Throughout these two yrs, there are laughters and tears. I can't believe that i actually got through promos n m here now. Now e real thing is As but somehow, i dun think i'll be that lucky ever again. I can't rmb when's e last time i really sit down to really think for myself, this few weeks, e focus is not on my studies nor myself too but something else. I can't focus no matter how badly i want to. But now, i noe i have to. Force also must force myself to focus, i noe how impt this is gonna be. Ard 20 days left. I totally have no idea how i'm supposed to go abt doing it, just go forward also must have a direction. I shouldn't have time to think abt all those not supposed to think abt de matters. I know i've wasted my time since i first stepped into jc. Should have wake up really long ago. But everytime i tot i've woke up, i fall back to slp again. N at a certain pt of time, the dream is beautiful, now it has sort of ended, i have no reason to slp again.

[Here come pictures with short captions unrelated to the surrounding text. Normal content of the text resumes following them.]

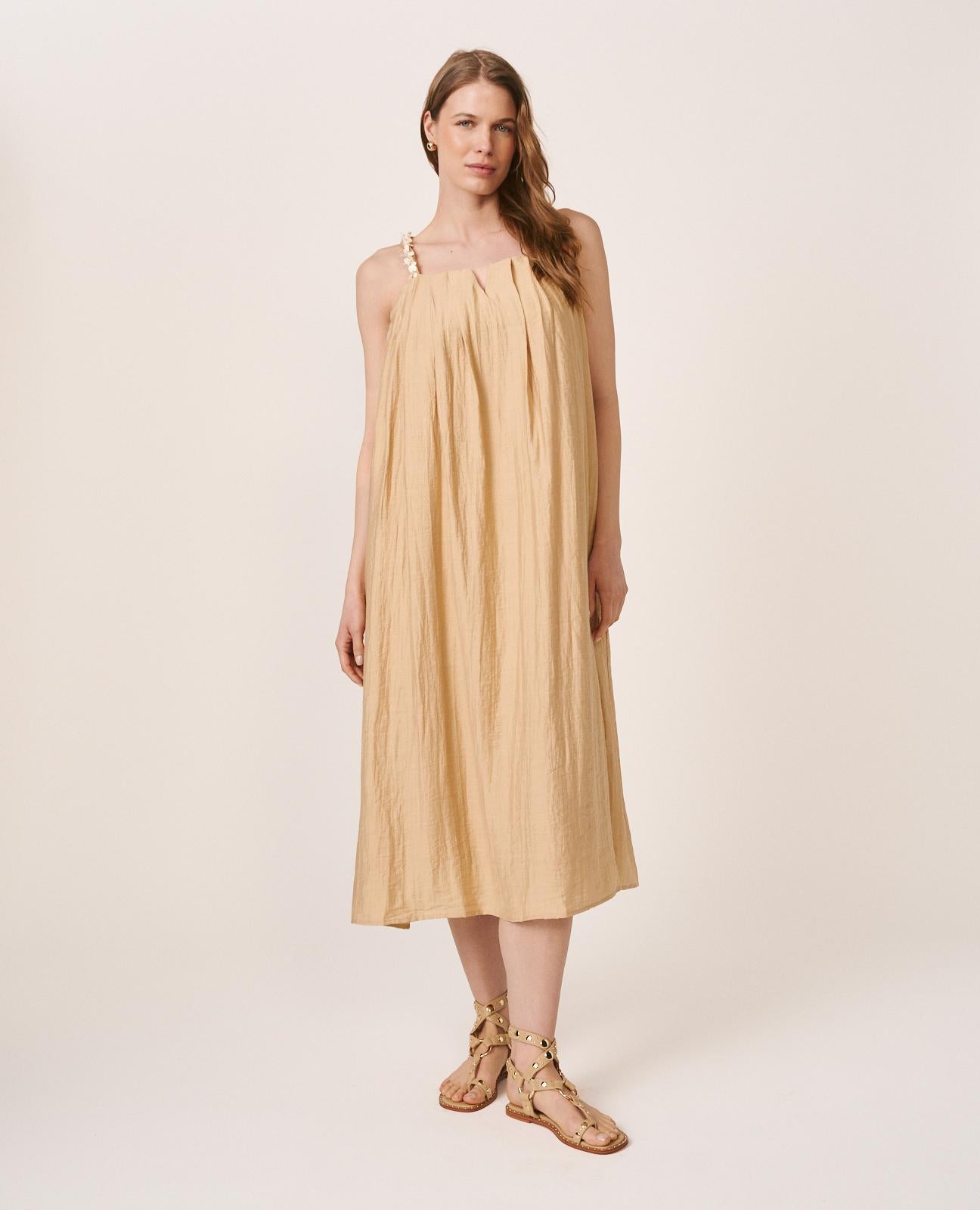 alma-en-pena-flowing-langes-midikleid-in-dorado-mit-v-ausschnitt image 4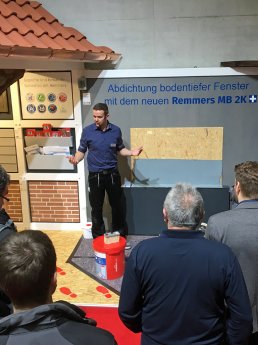 1369 - 2 Vorfuehrung MB 2K.jpg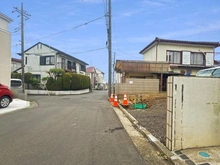 【神奈川県/横浜市旭区本村町】横浜市旭区本村町　新築戸建 前面道路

I'm thankful for all who accompanied me throughout this journey. Shuxin, jess, mel..... e list goes on n on n on... Mostly are ppl from these two cliques la n some others of coz, they'll know who they are i hope. Laughters, tears no matter wat they're beautiful memories among this hideous education system. We're actually just pawns for e ctry to break into international mkt. Its e reality, if u're of no use to e players, there u go, u're out of this game. Ppl strived hard to be involved in this game, some showed their really bad side while gaining this right to stay, while some showed their virtues. There are a million different type of ppl in this world anyway, i'm sure we'll be exposed to more once we step outside this so called protected environment.
I really dunno how my future will be like, so bleak still at this pt of time. Hope e first light of e day will come soon, this before-dawn is really dark. Real vague. Its scary to be without a goal.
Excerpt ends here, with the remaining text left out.